Lab 5: Memory addressing, synchronization and shared memory in CUDA

Important! Work in progress! The lab series will be revised for the 2014 course! The material in the following links may be heavily altered before the labs start. The changes will not appear immediately at the course start but some time before the official first Lab 4 session.

It can hardly be stressed enough how important it is to utilize shared memory when doing GPU computing. Shared memory allows us to re-arrange memory before writing, to take advantage of coalescing, and to re-use data to reduce the total number of global memory accesses.

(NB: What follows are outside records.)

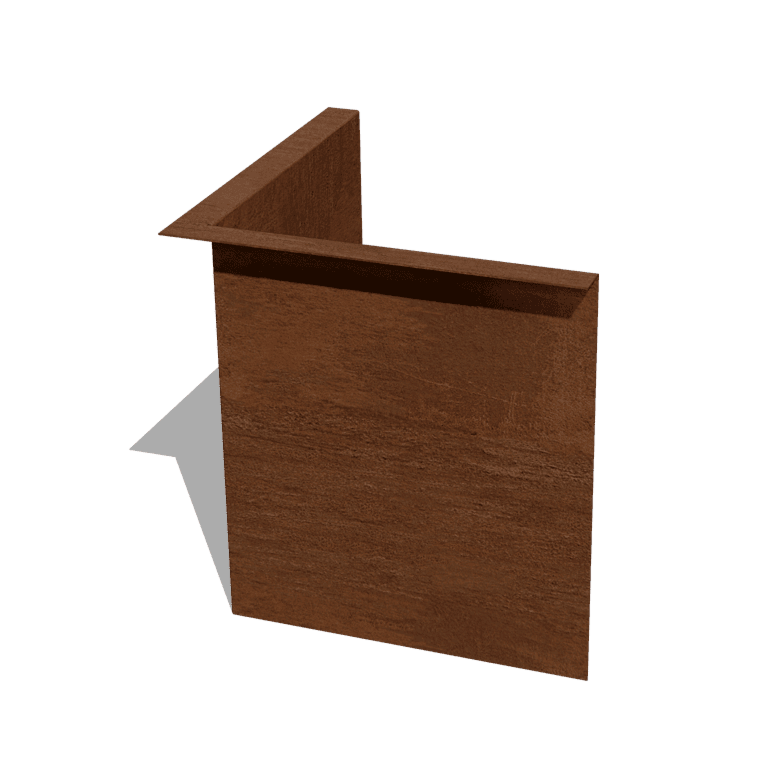 Corten plieno sodo apvadai kampu 34 cm vidinis kampas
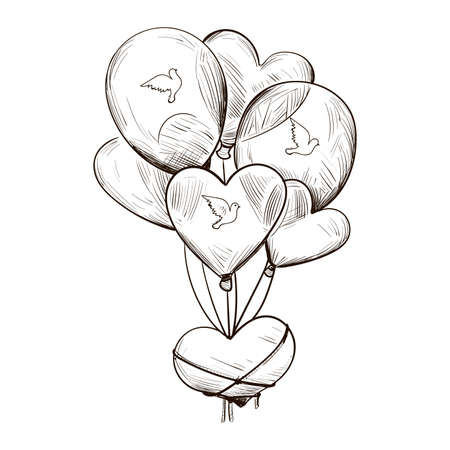 Bundle of air balloons with pigeon doves print isolated vector sketch. Postcard on February 14, gift present on romantic party, t-shirt print heart pillow. St. Valentine's day holiday greeting cardのイラスト素材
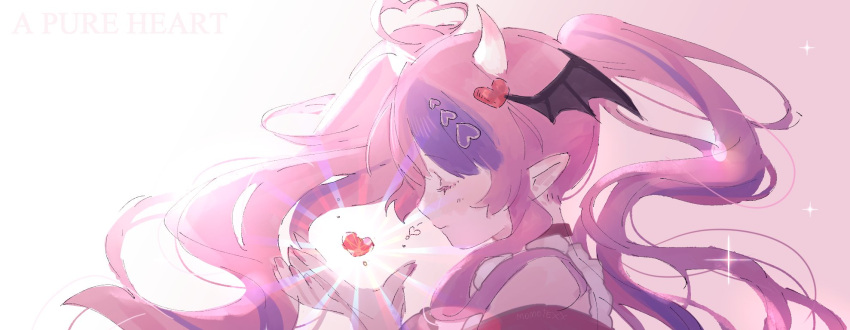 1girl, ahoge, closed_eyes, closed_mouth, commentary, demon_girl, demon_horns, demon_wings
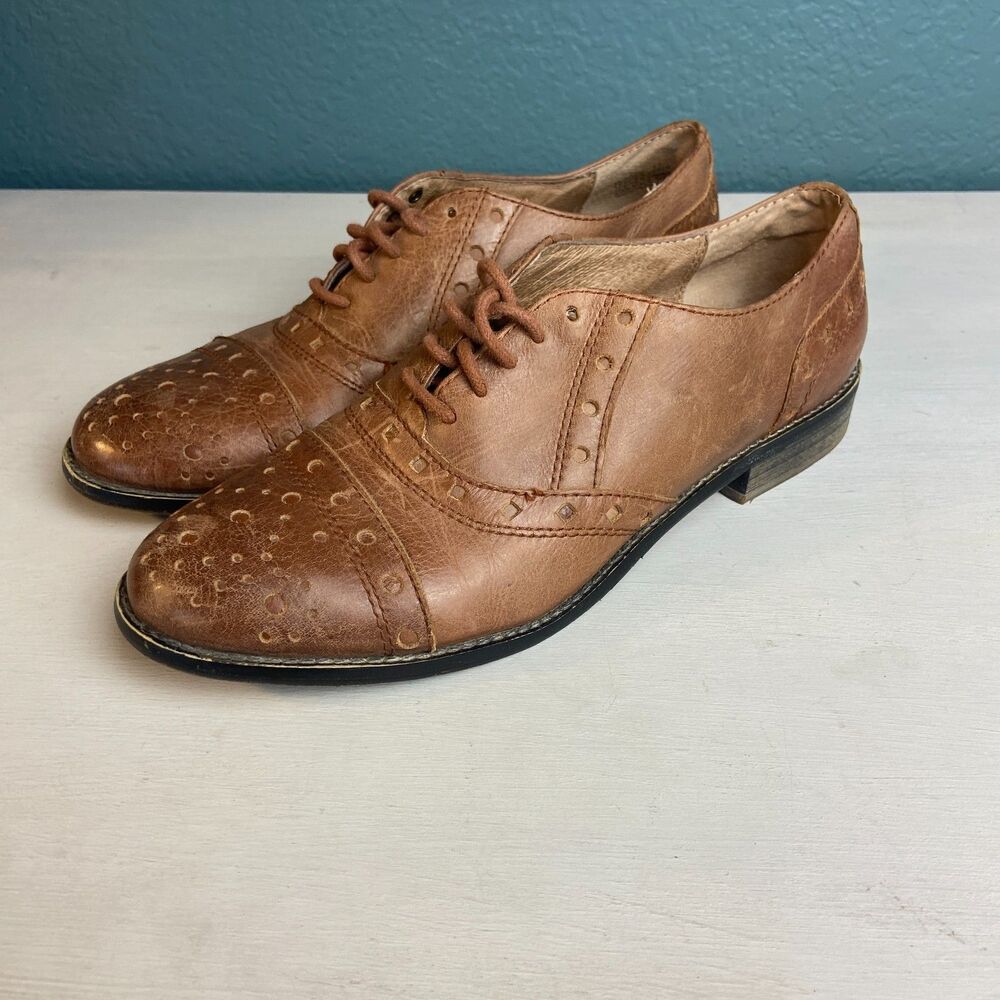 Miz Mooz "Monaco" Leather Oxfords lace up brown/cognac size 8.5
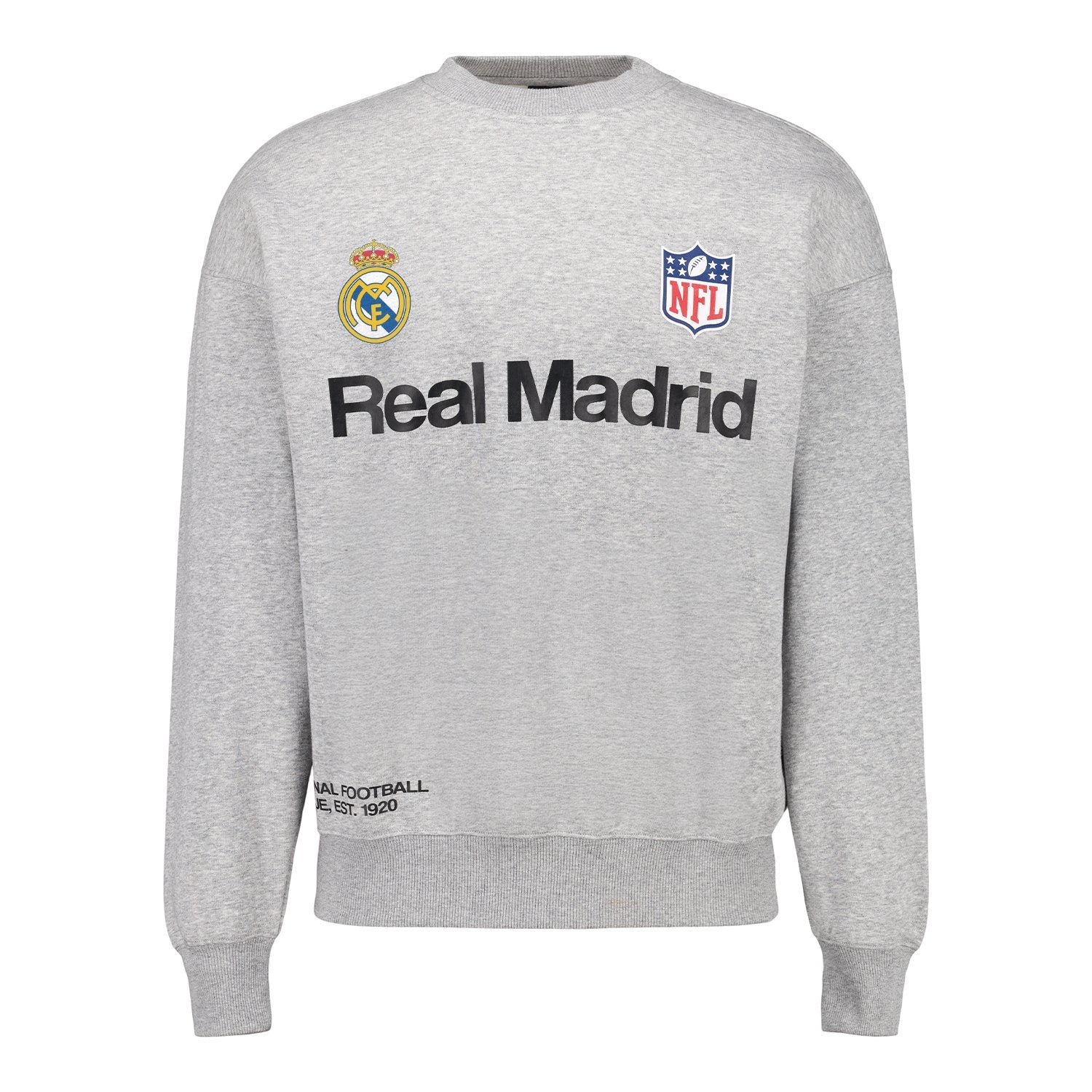 Mens Real Madrid x NFL Crew Sweatshirt Grey – Official Real Madrid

In this exercise, you will start from a working CUDA program which applies a linear filter to an image. The original image is shown to the left, and the filtered image to the right (using code that is almost the same as in "interactivejulia" from lab 4).

Your task is to accelerate this operation by preloading image data into shared memory. You will have to split the operation to a number of blocks and only read the part of the image that is relevant for your computation.

It can be noted that there are several ways to do image filtering that we do not take into account here. First of all, we can utilize separable filters. We may also use texture memory in order to take advantage of cache. Neither is demanded here. The focus here is memory addressing and shared memory.

You need to use __shared__ for declaring shared memory, e.g. "__shared__ unsigned char[64];" for allocating a 64-byte array.

After loading data to shared memory, before processing, you should __syncthreads(); to synchronize.

Consider compiling with -arch = sm30. That way you demand compute capability 3, which means fairly modern hardware (which you have in Southfork, but not in Olympen). Then you can printf() from the kernel, which is useful for debugging. (With older GPUs you can perform this with device_emulation, but then the code will run very slow.)

Lab files: is a naive CUDA implementation which is not using shared memory. ppmfilter.c is a C implementation, included only as reference. ppmread.c and ppmread.h read and write PPM files (a very simple image format).

NOTE: We don't expect you to make a perfectly optimized solution, but your solution should to a reasonable extent follow the guidelines for a good CUDA kernel. The first target (above) is to reduce global memory access, but have you thought about coalescing, control divergence and occupancy? Be prepared for additional questions on these subjects.

QUESTION: How much data did you put in shared memory?

QUESTION: How much data does each thread copy to shared memory?

QUESTION: How did you handle the necessary overlap between the blocks?

QUESTION: If we would like to increase the block size, about how big blocks would be safe to use in this case? Why?

QUESTION: How much speedup did you get over the naive version?

Extra (if you have time):

A "real" filter should have different weights for each element. For a 5x5 filter it may look like this (example from my lectures):

5xr5 kernel weights/256

One possible way to implement these weights is as an array. Since all threads will access this array in the same order, it is suitable to store this array as constant memory (as described in the second CUDA lecture). Create this array and make it available to your kernel.

QUESTION: Were there any particular problems in adding this feature?

That is all for lab 5. Write down answers to all questions and then show your results to us.